Você se considera um estilista ou um designer? Ou as duas coisas? Uma formação complementa o outra? Qual a sua ligação com cada área?
Nakao – Não me atenho ao suporte – roupa ou mobiliário, instalação ou performance –, mas ao observador e as suas possíveis relações e percepções através destes meios. Como as percepções são múltiplas, um meio complementa o outro. Vestir uma casa é muito próximo de vestir uma pessoa, pois o que vestimos na realidade é a relação do usuário com o entorno. Minha ligação é como estabelecer novas relações e percepções deste entorno. Não estou restrito aos meios ou áreas.
Existe espaço para um trabalho autoral de moda como o seu no Brasil?
Nakao – Antes da Zoomp e durante minha permanência como diretor criativo da marca, já conduzia em paralelo alguns projetos autorais. Após 20 anos desta vida dupla, decidi, em 2002, me dar a oportunidade de trilhar apenas um caminho, experimentar as vantagens e o aprendizado propiciados pelo empreendedorismo. Os universos criativos dentro de uma empresa e em um universo autoral são containeres distintos, mas de igual tamanho e importância. Numa empresa aplicamos a criatividade dentro das potencialidades produtivas e de consumo do mercado. No universo autoral experimentamos as possibilidades pessoais desconhecidas e nos realizamos como indivíduo. São universos que se tangenciam, alimentam-se de suas vivências, mas são mundos à parte. Quando se tem uma marca própria estes containeres se aproximam numa fusão nuclear complicada. Aprendi muito e em 2004 decidi romper, rasgar. "A Costura do Invisível" é um rasgo com o formato, não com a moda.

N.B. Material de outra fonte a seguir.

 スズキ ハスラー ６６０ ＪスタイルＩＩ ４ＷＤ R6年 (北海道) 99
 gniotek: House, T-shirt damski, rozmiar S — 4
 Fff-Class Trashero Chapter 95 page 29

Após este desfile, abdiquei de minha marca própria – pelo menos por um tempo – para me dedicar à formação de uma consciência sobre moda e suas possibilidades. Estou no meio do processo e as coisas ainda não mudaram. Acredito ser mais importante, neste momento, fomentar as mudanças do que continuar fazendo o mesmo, dia após dia.
A que projetos você se dedica hoje?
Nakao – O mundo não precisa de mais roupas: precisa de pessoas melhores. Mas como transformar as pessoas? Acredito que o caminho seja a educação e a cultura. Em moda somos todos muito iletrados, alfabetizados apenas no sentido de sermos consumidores, mas totalmente sem capacidade de leitura e interpretação. Existe uma grande diferença entre alfabetizar e educar. Tenho me dedicado à esta educação, pois de que adianta poesia se a escrita não é compreendida? Continuo participando ativamente da moda como professor, palestrante, ministrando workshops, prestando consultoria a empresas de diversos setores e a convites de museus, fundações e instituições realizando exposições no Brasil e, principalmente, no Exterior.

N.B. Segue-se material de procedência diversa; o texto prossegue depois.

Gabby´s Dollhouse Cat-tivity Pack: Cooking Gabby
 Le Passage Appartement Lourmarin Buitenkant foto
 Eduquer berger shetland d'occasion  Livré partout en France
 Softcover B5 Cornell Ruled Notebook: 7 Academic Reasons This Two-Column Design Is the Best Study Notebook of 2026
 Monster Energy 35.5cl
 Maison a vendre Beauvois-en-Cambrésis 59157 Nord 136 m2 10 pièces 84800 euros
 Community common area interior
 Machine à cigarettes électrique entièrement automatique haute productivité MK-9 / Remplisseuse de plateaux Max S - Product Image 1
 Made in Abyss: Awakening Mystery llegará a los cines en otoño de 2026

Os brasileiros têm estilo na hora de vestir ou apenas consomem o que o mercado oferece?
Nakao – O brasileiro segue tendências pasteurizadas, crescemos importando valores. As vitrines das lojas de roupa nos shoppings são todas idênticas. Poderia até ser uma coisa só, sem a fachada da marca. O povão conhece a Gisele Bündchen e sabe o que é Dior, Gucci e Louis Vuitton. Agora tente perguntar para o mesmo povão para citar algum estilista brasileiro. Não vão saber. Tudo bem se a maioria da população os conhecesse e não tivesse poder aquisitivo para comprá-los, mas ao menos teriam uma referência de moda brasileira e aspirações, para sonhar em tê-la. Demos alguns passos, mas falta muito para dizer que construímos um caminho. E o importante é continuar caminhando.
Qual a importância da tecnologia no seu trabalho?

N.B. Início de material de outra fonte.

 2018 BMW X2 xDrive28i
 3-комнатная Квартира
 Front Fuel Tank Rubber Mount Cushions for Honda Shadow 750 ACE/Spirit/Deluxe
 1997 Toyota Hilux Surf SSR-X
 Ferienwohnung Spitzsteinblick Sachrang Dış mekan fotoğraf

Nakao – A aproximação entre as áreas de moda e design, tecnologia e arte, é necessária. E como escreveu Edgar Morin, a segmentação e compartimentação dos saberes se demonstrou obsoleta e sem capacidade de respostas para a complexidade que a vivência humana e sobrevivência do planeta necessitam. Definir, rotular, estabelecer limites me soa generalista demais. Acredito que a experiência artística é a relação que transcende a obra e observador. É o rompimento de barreiras e de pressupostos, onde se joga um jogo sem regras, limites, convenções e, então, a transformação acontece. A obra em si é a materialização de conceitos, interface entre o inefável e o real. Ela é palpável, e contém um sentido. Mais do que palavras soltas, frases sem sentido é necessário soprar um pensamento. A integração entre o espectador e a obra é fundamental. Sem esta integração a obra não existe. Por isto faço "uso preciso do vago" como já dizia Ítalo Calvino, onde a individualidade encontra seu espaço. Prefiro esta relação com o objeto inacabado, com o saber.
Qual a receita para mexer com os sentidos das pessoas? Porque o seu trabalho sempre mexe com os sentidos.
Nakao – Mexer com os sentidos, despertar, estimular reflexão são necessários para que uma obra exista. Sem esta reação a obra não acontece. Os trabalhos interagem com o indivíduo, com o seu olhar, com o seu repertório, daí a palavra refletir. A obra é a relação com o espectador. A forma como criamos esta relação não é estática, pois acreditamos que nada o é. Por isso caminhamos sempre em busca de novas formas. Podemos ser sutis nos nossos atos, porém a dimensão de sua significância é dada pelo receptor, que atribui um sentido pessoal e único para o estímulo que propiciamos aos seus sentidos. Não somos mais os responsáveis por surpreendê-los e sim a sua própria consciência.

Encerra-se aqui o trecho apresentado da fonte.